Short descriptive text snippets:
#####

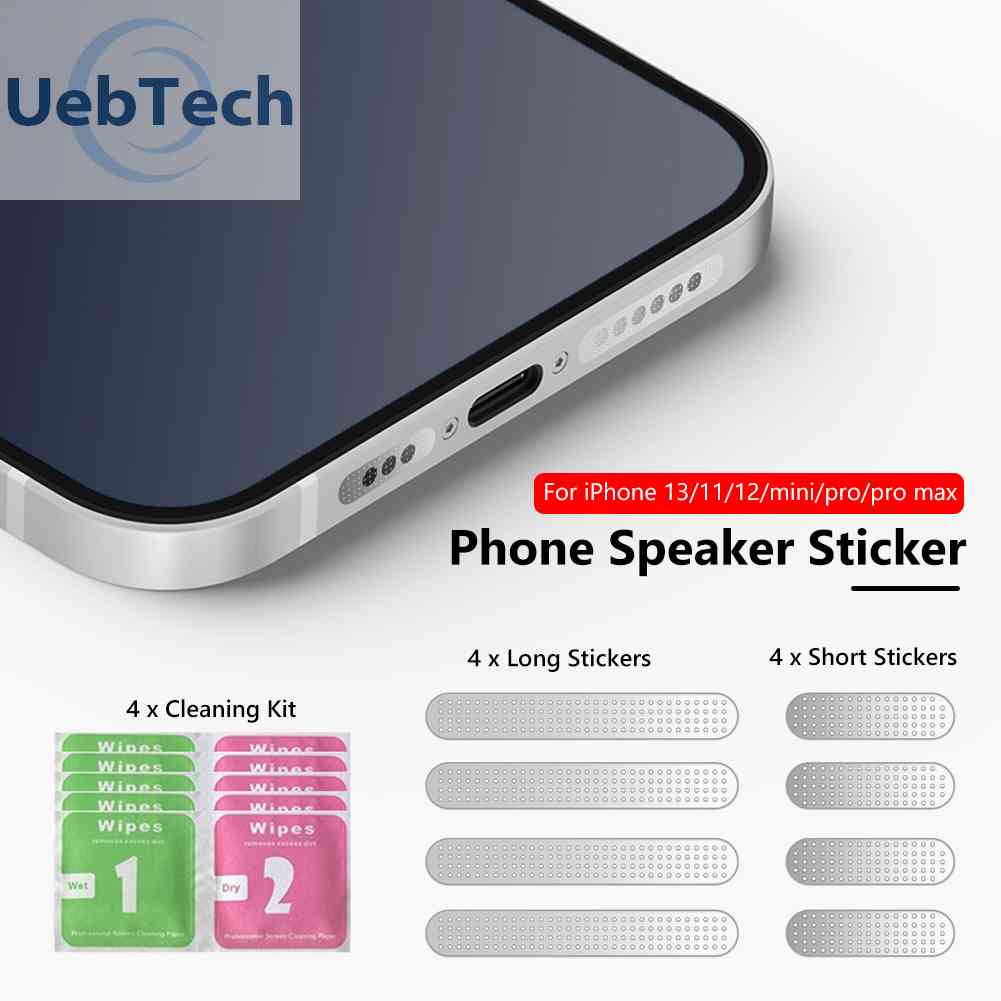Miếng Dán Lưới Chống Bụi Cho Loa Điện Thoại iPhone 13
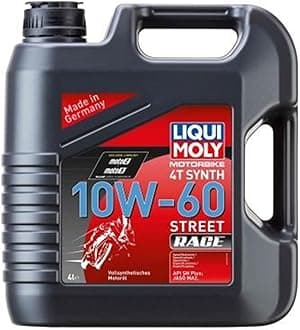 10W-60 Motorbike 4T Synthetic Street Race Engine Oil 4 Liter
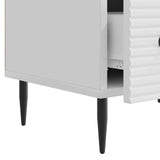 TV Cabinet High Gloss White 147 x 34.5 x 30 cm Engineered Wood 894939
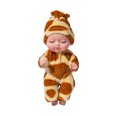 thumbnail image 2 of 4.3 Inch Cute Soft Baby Dolls, PVC + Cotton Baby Dolls With Clothes Set Realistic Doll Look Real Gift For GirlTeissuly Clearance (Brown, ) Teissuly WER202308291184, 2 of 6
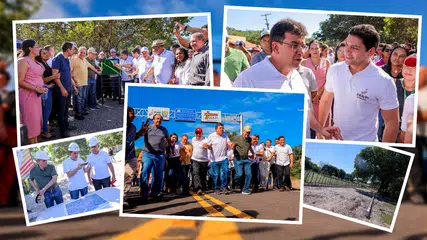 Rafael Fonteles inaugura recuperação da PI-220 em Pau D’Arco do Piauí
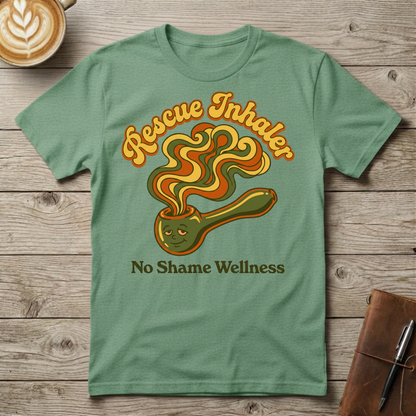 Rescue Inhaler T-Shirt — No Shame Wellness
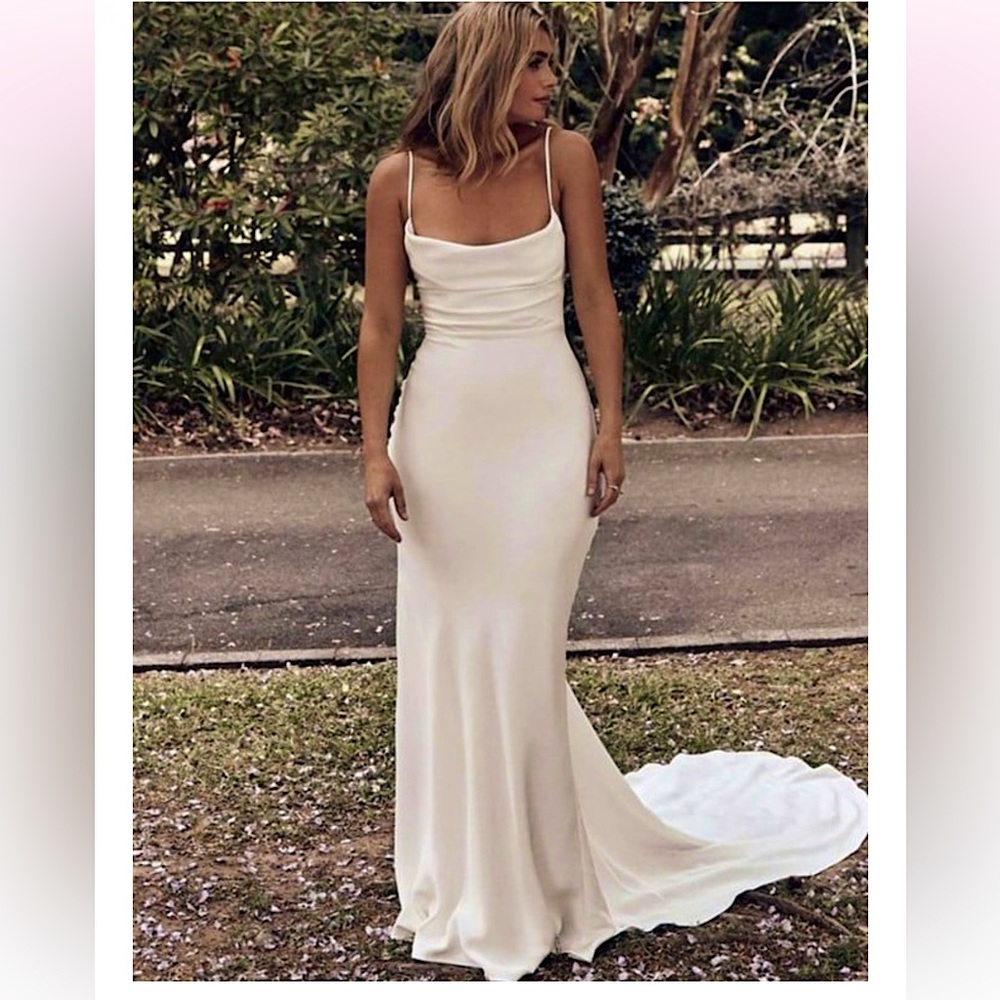 Satin Wedding Dress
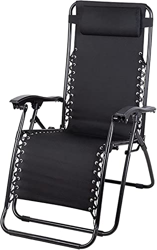 JYHZ Silla de gravedad cero reclinable silla plegable sillas de jardín sillas de playa para interior al aire libre playa jardín ocio precio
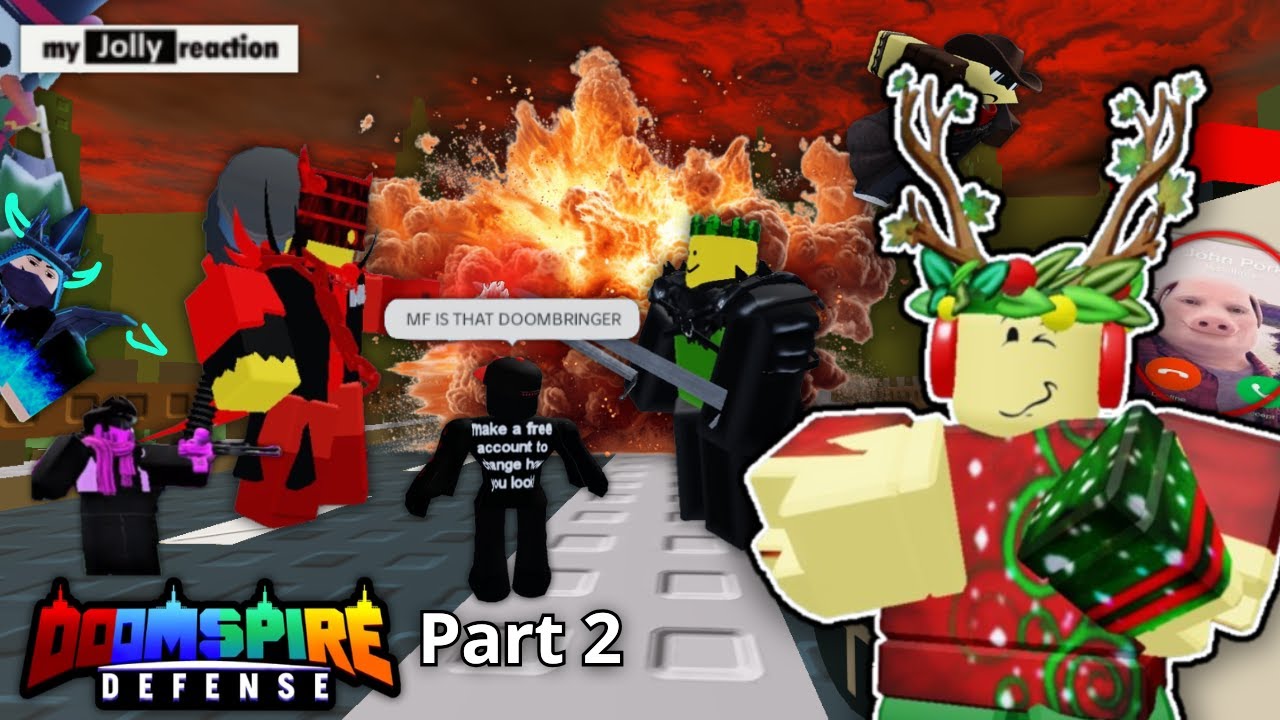 Doomspire Defense Rerun Update Review! 🎅🎄 Admin Abuse With Devs II - Santa's Factory Return!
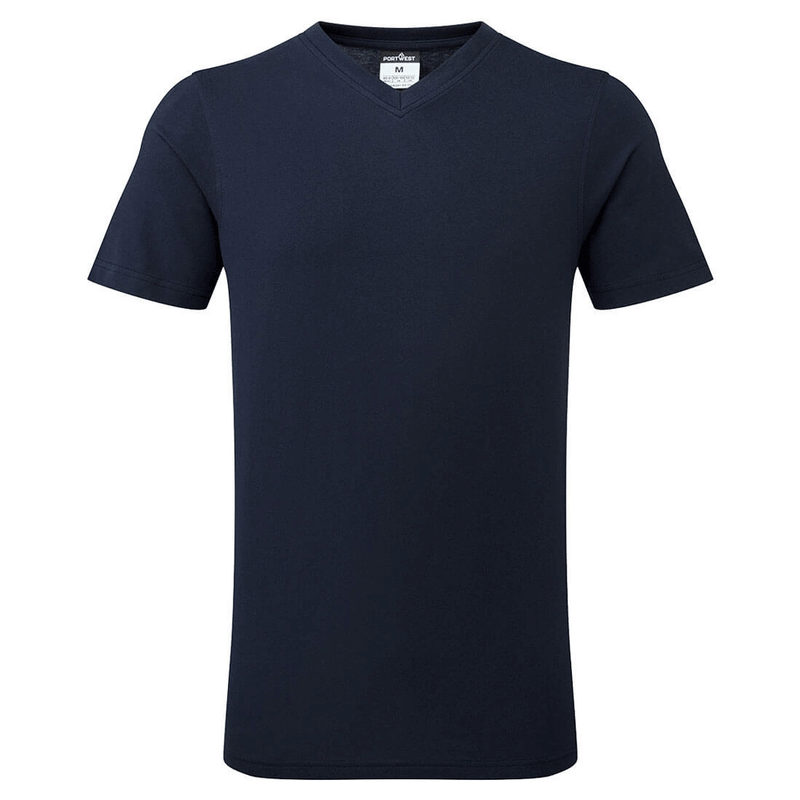 Portwest B197 V-Neck Cotton T-Shirt - T-SHIRTS
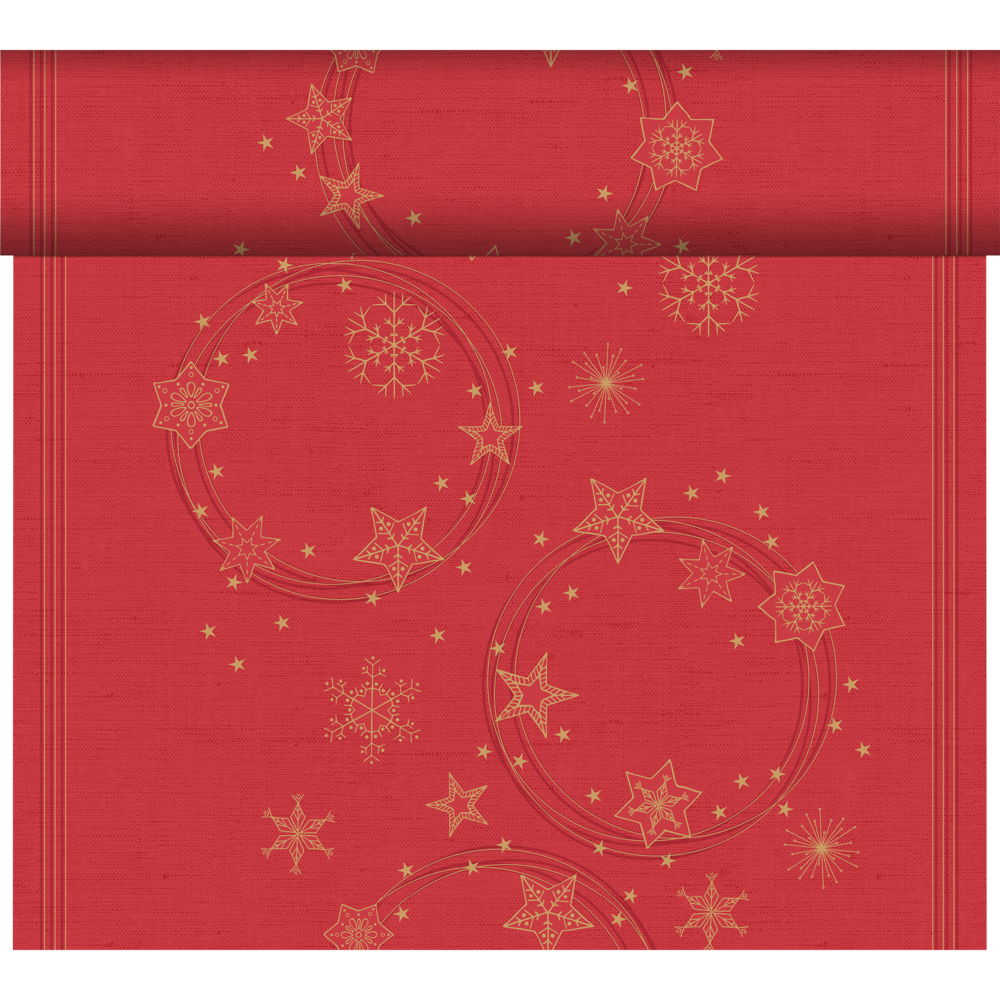 Duni 3-in-1 Star Shine Red 40x480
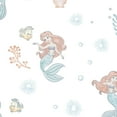 thumbnail image 6 of Bedtime Originals Disney Baby The Little Mermaid White Fitted Crib Sheet - Ariel, 6 of 6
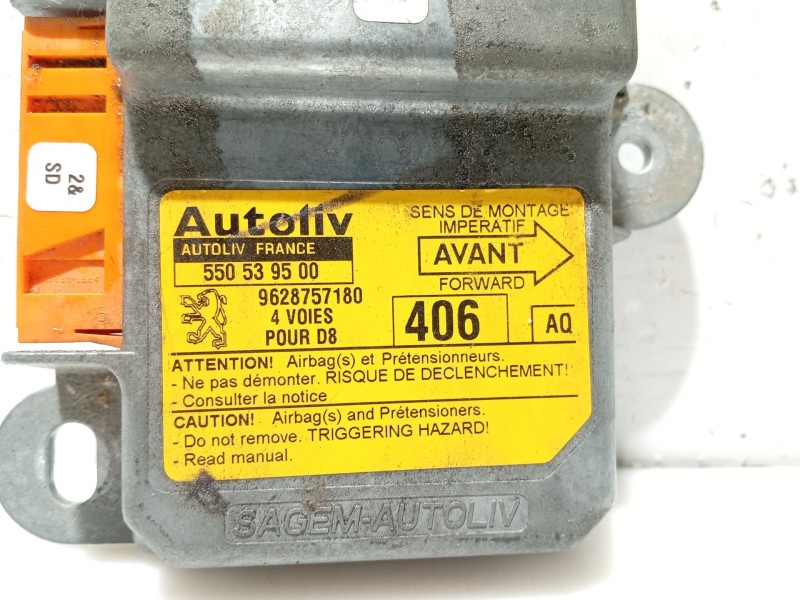 Recambio de centralita airbag para peugeot 406 berlina (s1/s2) referencia OEM IAM 9628757180  550539500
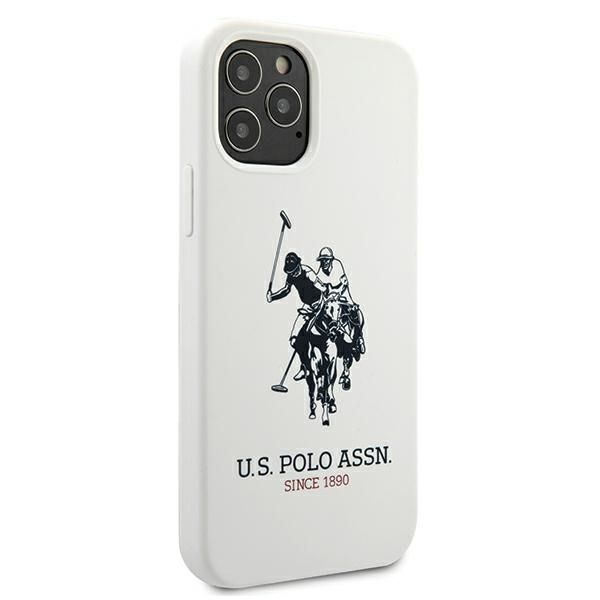 U.S. Polo Etui Silicone Hardcase do iPhone 12 Pro Max 6,7" - Biały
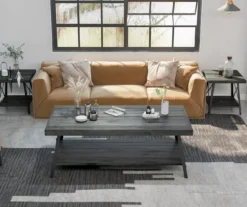 Pomona Gray & Steel Gray 24" Wood Open-Shelf End Table -Franklin Sales Store 810535749 7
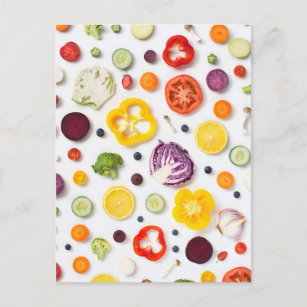 Cartão Postal Frutas e produtos hortícolas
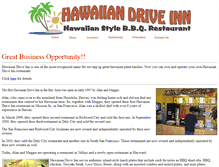 Tablet Screenshot of hawaiiandriveinn.com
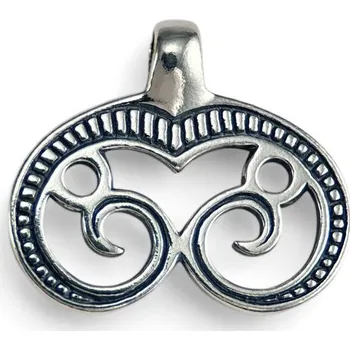 Přívěsek Drakkaria VELKOMORAVKÁ LUNICE, stříbrný přívěsek, Ag 925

#####

## EXERCISE GOAL:
For every entry above, write it out exactly and remove any image.

## TASK OUTPUT:
Miếng Dán Lưới Chống Bụi Cho Loa Điện Thoại iPhone 13
 10W-60 Motorbike 4T Synthetic Street Race Engine Oil 4 Liter
 TV Cabinet High Gloss White 147 x 34.5 x 30 cm Engineered Wood 894939
 thumbnail image 2 of 4.3 Inch Cute Soft Baby Dolls, PVC + Cotton Baby Dolls With Clothes Set Realistic Doll Look Real Gift For GirlTeissuly Clearance (Brown, ) Teissuly WER202308291184, 2 of 6
 Rafael Fonteles inaugura recuperação da PI-220 em Pau D’Arco do Piauí
 Rescue Inhaler T-Shirt — No Shame Wellness
 Satin Wedding Dress
 JYHZ Silla de gravedad cero reclinable silla plegable sillas de jardín sillas de playa para interior al aire libre playa jardín ocio precio
 Doomspire Defense Rerun Update Review! 🎅🎄 Admin Abuse With Devs II - Santa's Factory Return!
 Portwest B197 V-Neck Cotton T-Shirt - T-SHIRTS
 Duni 3-in-1 Star Shine Red 40x480
 thumbnail image 6 of Bedtime Originals Disney Baby The Little Mermaid White Fitted Crib Sheet - Ariel, 6 of 6
 Recambio de centralita airbag para peugeot 406 berlina (s1/s2) referencia OEM IAM 9628757180  550539500
 U.S. Polo Etui Silicone Hardcase do iPhone 12 Pro Max 6,7" - Biały
 Pomona Gray & Steel Gray 24" Wood Open-Shelf End Table -Franklin Sales Store 810535749 7
 Cartão Postal Frutas e produtos hortícolas
 Tablet Screenshot of hawaiiandriveinn.com
 Přívěsek Drakkaria VELKOMORAVKÁ LUNICE, stříbrný přívěsek, Ag 925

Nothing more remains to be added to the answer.